#### Given records:
===============
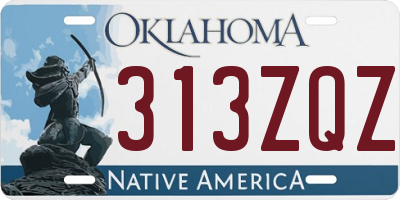 OK license plate 313ZQZ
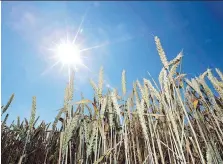  ?? MATTHIAS SCHRADER/AP/THE CANADIAN PRESS ?? Cereals Canada said the European Union and China haven’t indicated they would halt imports of Canadian wheat after a few geneticall­y modified plants were found.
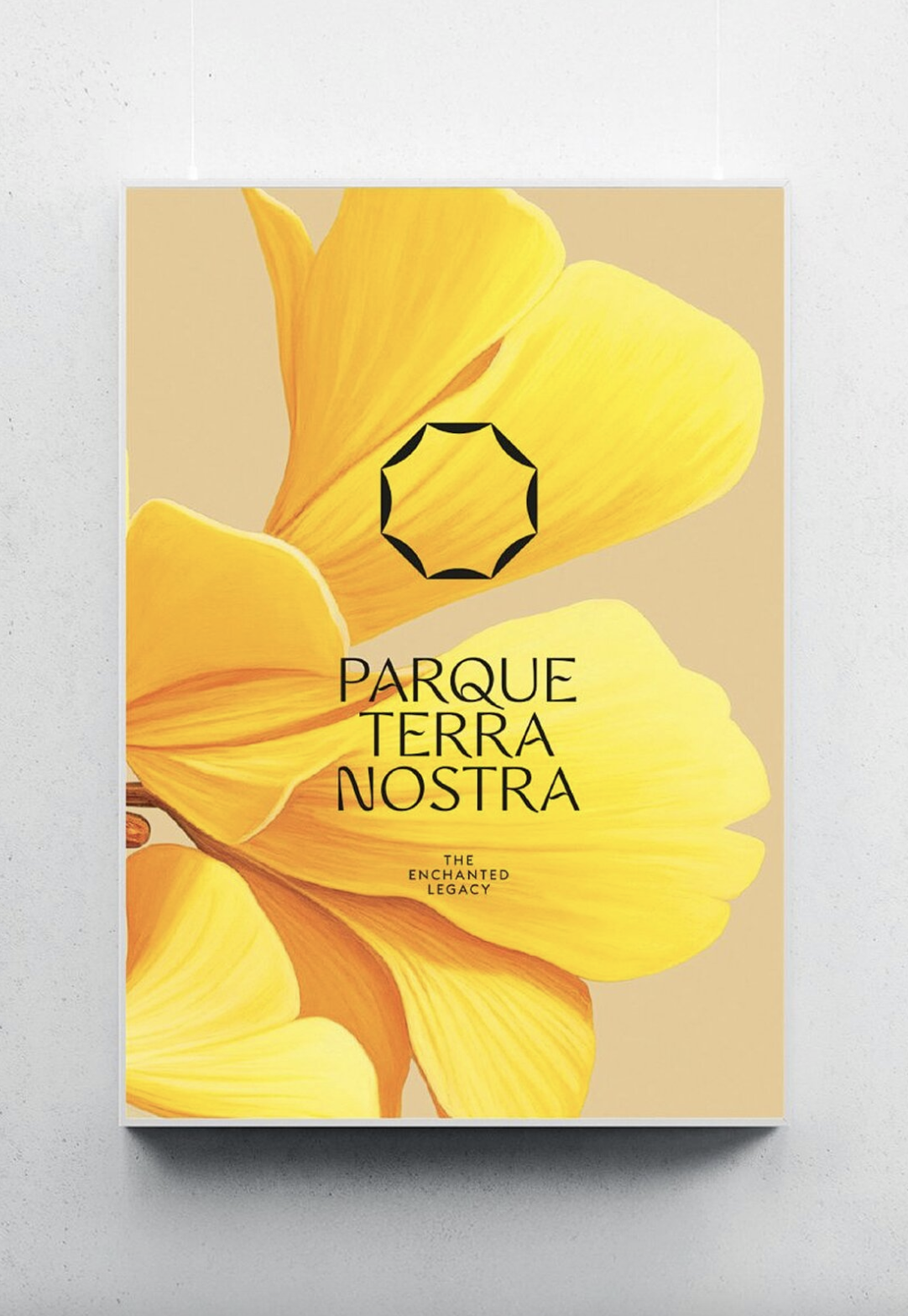 Red Dot Design Awards premeia portugueses em design e inovação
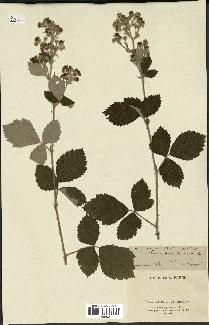 spécimen de Rubus tomentosus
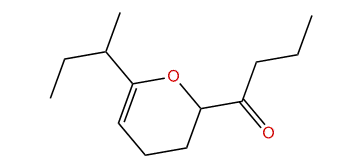 1-(6-(1-Methyl-propyl)-3,4-dihydro-2H-pyran-2-yl)-butanone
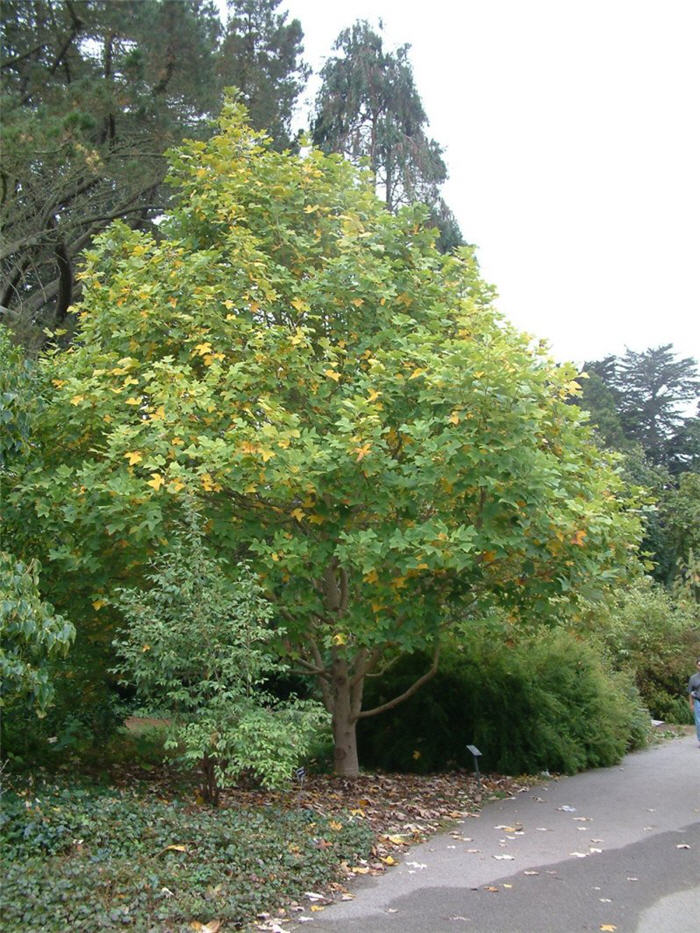 Liriodendron tulipifera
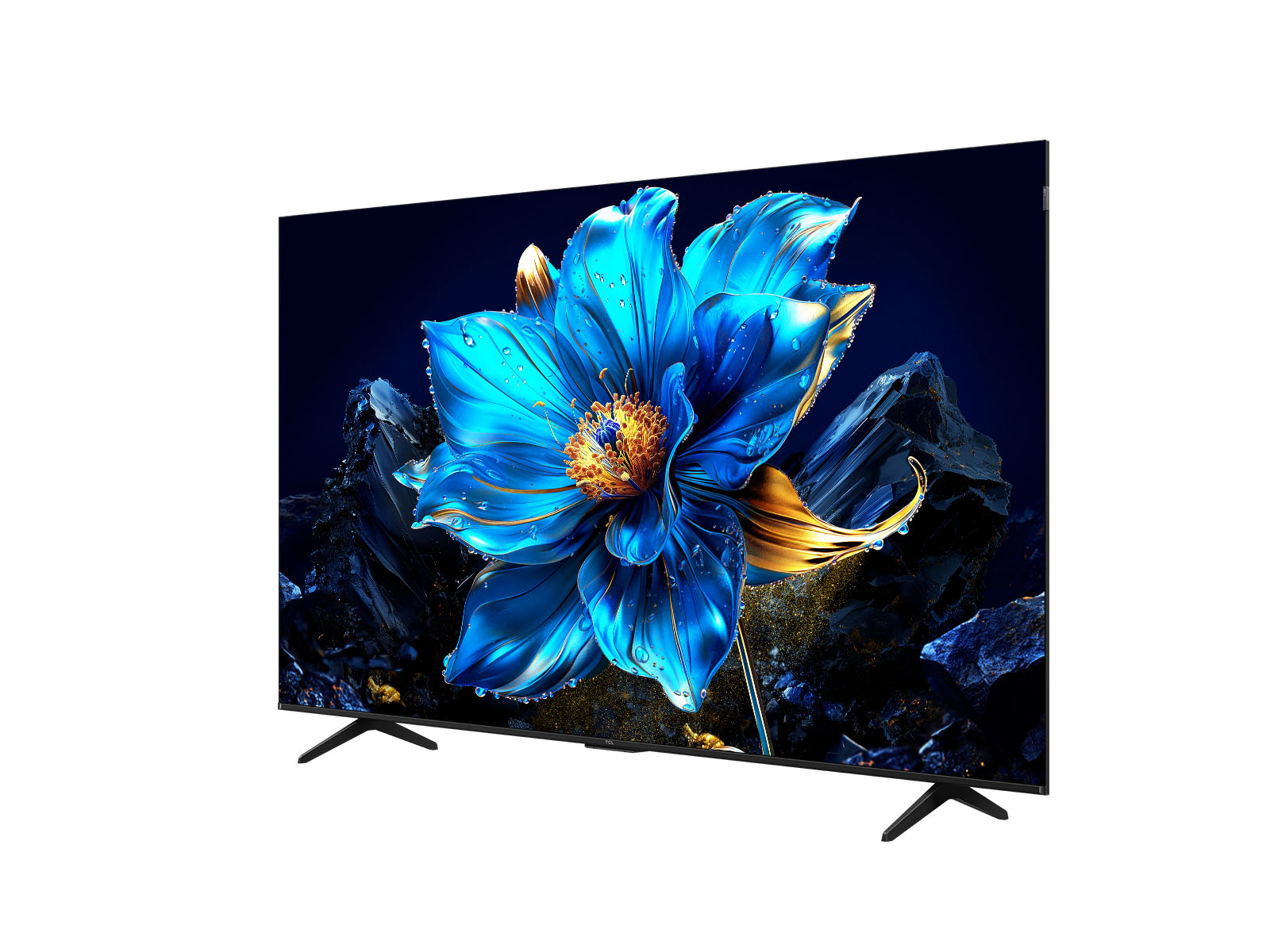 75T6C Picture 4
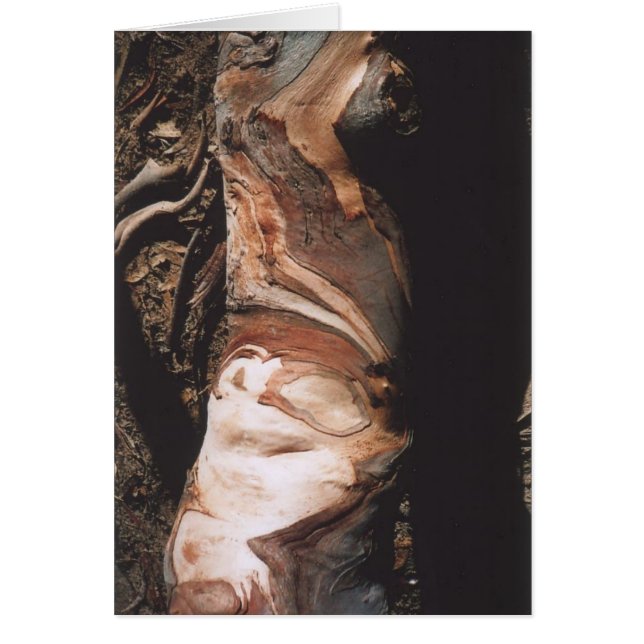 40. Barken-Muster, Kalifornien (Vorne)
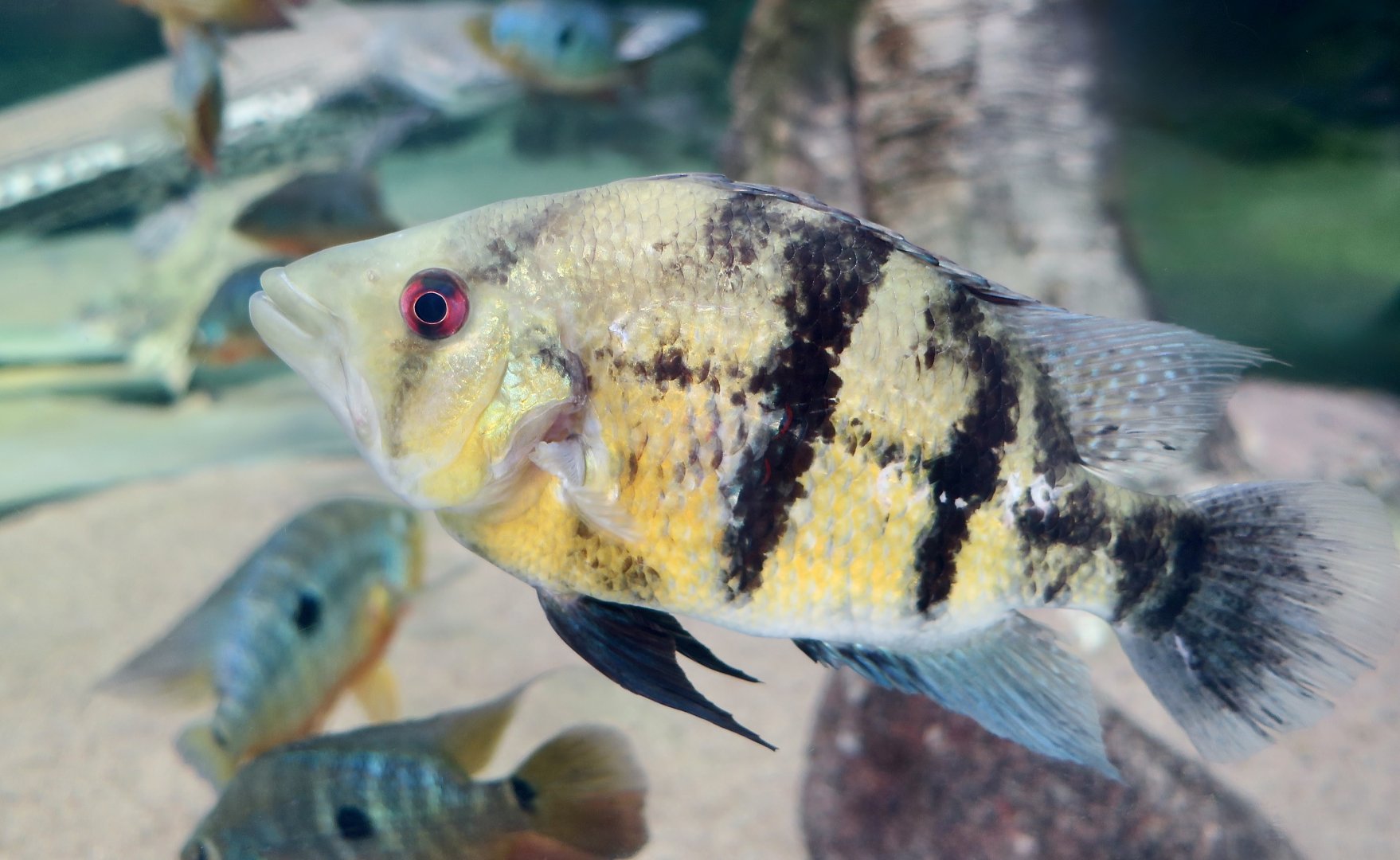Myers' Basketmouth Cichlid (Caquetaia myersi)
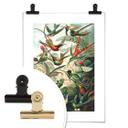 Póster Haeckel - Colibríes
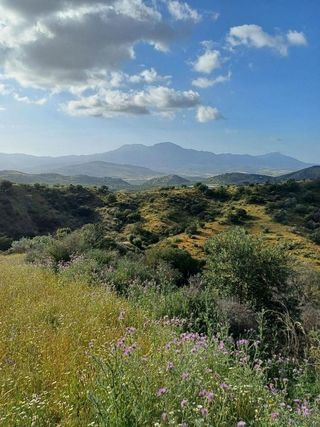 Terreno en venta en Coín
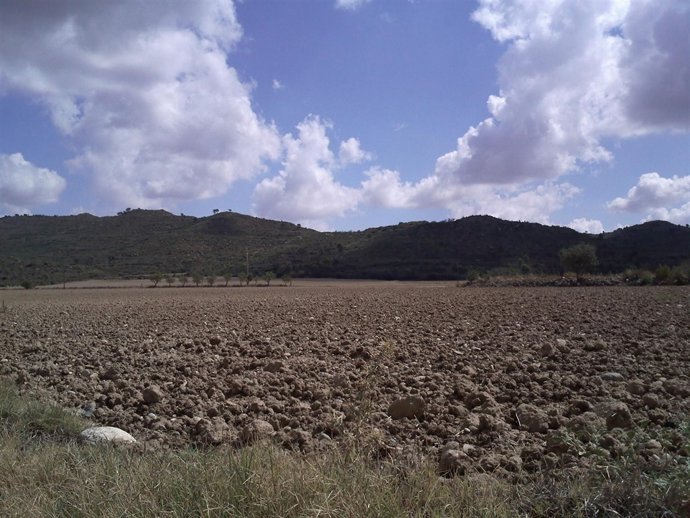 Campos Labrados En Eres (Huesca)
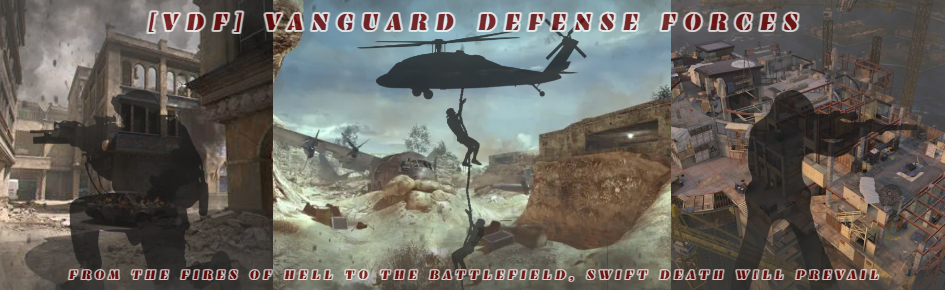 [SW-DGV] SWDG Vanguard Discord Server Banner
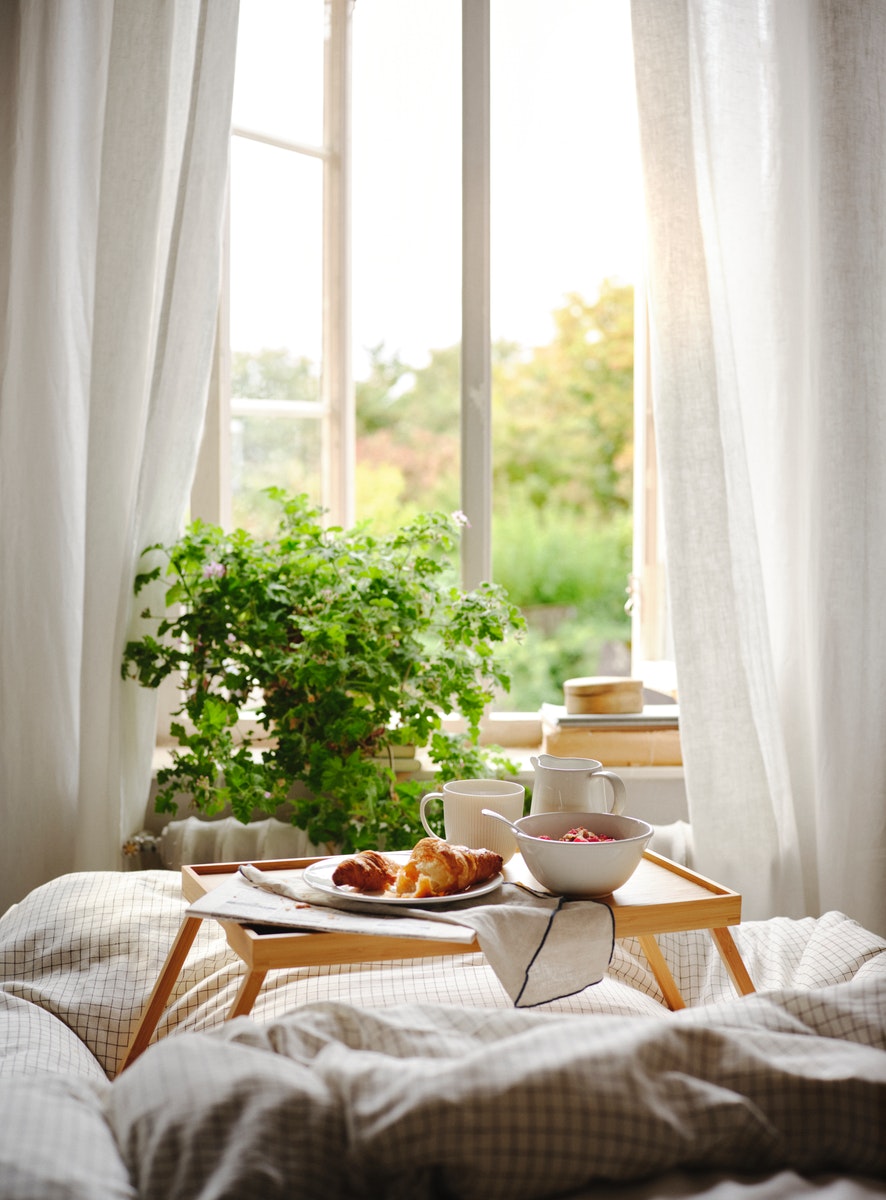 Breakfast in bed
===============
#### Task to complete:
Please write out all the data again word for word, but not the pictures.

#### Solution for this task:
 OK license plate 313ZQZ
  ?? MATTHIAS SCHRADER/AP/THE CANADIAN PRESS ?? Cereals Canada said the European Union and China haven’t indicated they would halt imports of Canadian wheat after a few geneticall­y modified plants were found.
 Red Dot Design Awards premeia portugueses em design e inovação
 spécimen de Rubus tomentosus
 1-(6-(1-Methyl-propyl)-3,4-dihydro-2H-pyran-2-yl)-butanone
 Liriodendron tulipifera
 75T6C Picture 4
 40. Barken-Muster, Kalifornien (Vorne)
Myers' Basketmouth Cichlid (Caquetaia myersi)
 Póster Haeckel - Colibríes
 Terreno en venta en Coín
 Campos Labrados En Eres (Huesca)
 [SW-DGV] SWDG Vanguard Discord Server Banner
 Breakfast in bed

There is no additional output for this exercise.